African theologian, renowned academic and ecumenist Prof. Dr Isabel Apawo Phiri has joined the World Council of Churches (WCC) as its new associate general secretary for Public Witness and Diakonia. She took on her new position at the WCC headquarters in Geneva, Switzerland, this month.
A Malawian by nationality, Apawo Phiri was a professor of African theology, dean and head of the School of Religion, Philosophy and Classics, and director of the Centre for Constructive Theology at the University of KwaZulu Natal, Pietermaritzburg, South Africa. She also served as editor of the Journal of Gender and Religion in Africa.
Apawo Phiri holds a masters degree in religious education from the University of Lancaster, England, and a doctorate in religious studies from University of Cape Town, South Africa.

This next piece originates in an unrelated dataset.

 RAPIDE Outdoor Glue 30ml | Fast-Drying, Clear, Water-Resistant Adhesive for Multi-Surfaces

Apawo Phiri’s main responsibilities at the WCC will be setting direction for the council’s programmatic work in the area of Public Witness and Diakonia, and strengthening relations with the member churches and ecumenical organizations. While she will lead implementation of programmes with member churches, she will also support project team coordinators at the council itself.

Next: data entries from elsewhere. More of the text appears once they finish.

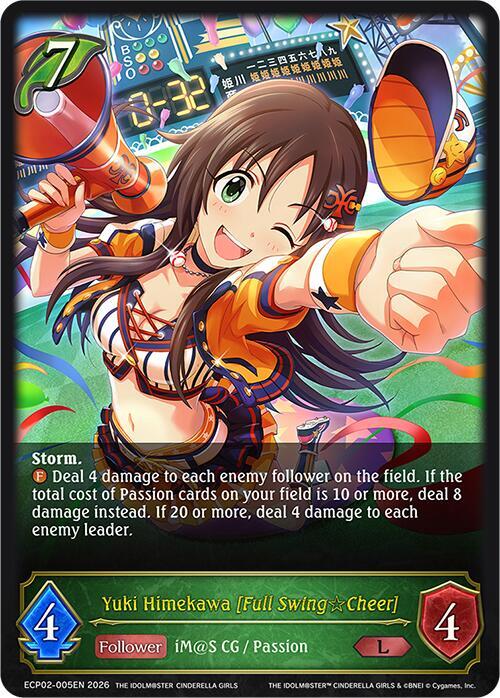 CHARA★YUKI 3★STARS 2 CD Yuki Himekawa [Full Swing Cheer] - ECP02: THE IDOLM@STER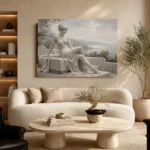 Coastal Muse Sculptural Nude Wall Art Canvas Print - Image 7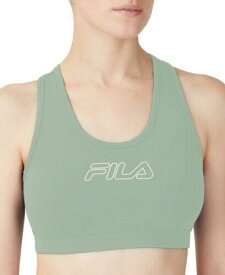 フィラ Fila Women's Bloom Logo Pullover Jersey Sports Bra Green Size 1X レディース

Apawo Phiri has been engaged with the churches and the ecumenical movement for a decade. From 2002 to 2007 she served as general coordinator of the Circle of Concerned African Women Theologians. In 2006, she also presented a paper entitled “Called to Be the One Church: The Future of Ecumenism—A Protestant Voice” at the WCC 9th Assembly in Porto Alegre, Brazil. She has also served as moderator of the WCC Commission on Education and Ecumenical Formation.
Apawo Phiri’s research and teaching interests span the fields of systematic theology with a focus on ecclesiology, mission history, studies in African-instituted churches, and African theology with a focus on African women's theology.
On welcoming Apawo Phiri to the council, WCC general secretary Rev. Dr Olav Fykse Tveit said, “Isabel’s engagement in the ecumenical movement, especially her academic contributions to the African theology and women concerns, are not new. With her leadership, we at the WCC hope to benefit from her gifts and capabilities.”
“We welcome her in this ecumenical family. We hope that at the WCC she will be able to build relationships among churches and give leadership to our global ministry for diakonia, justice and peace,” added Tveit.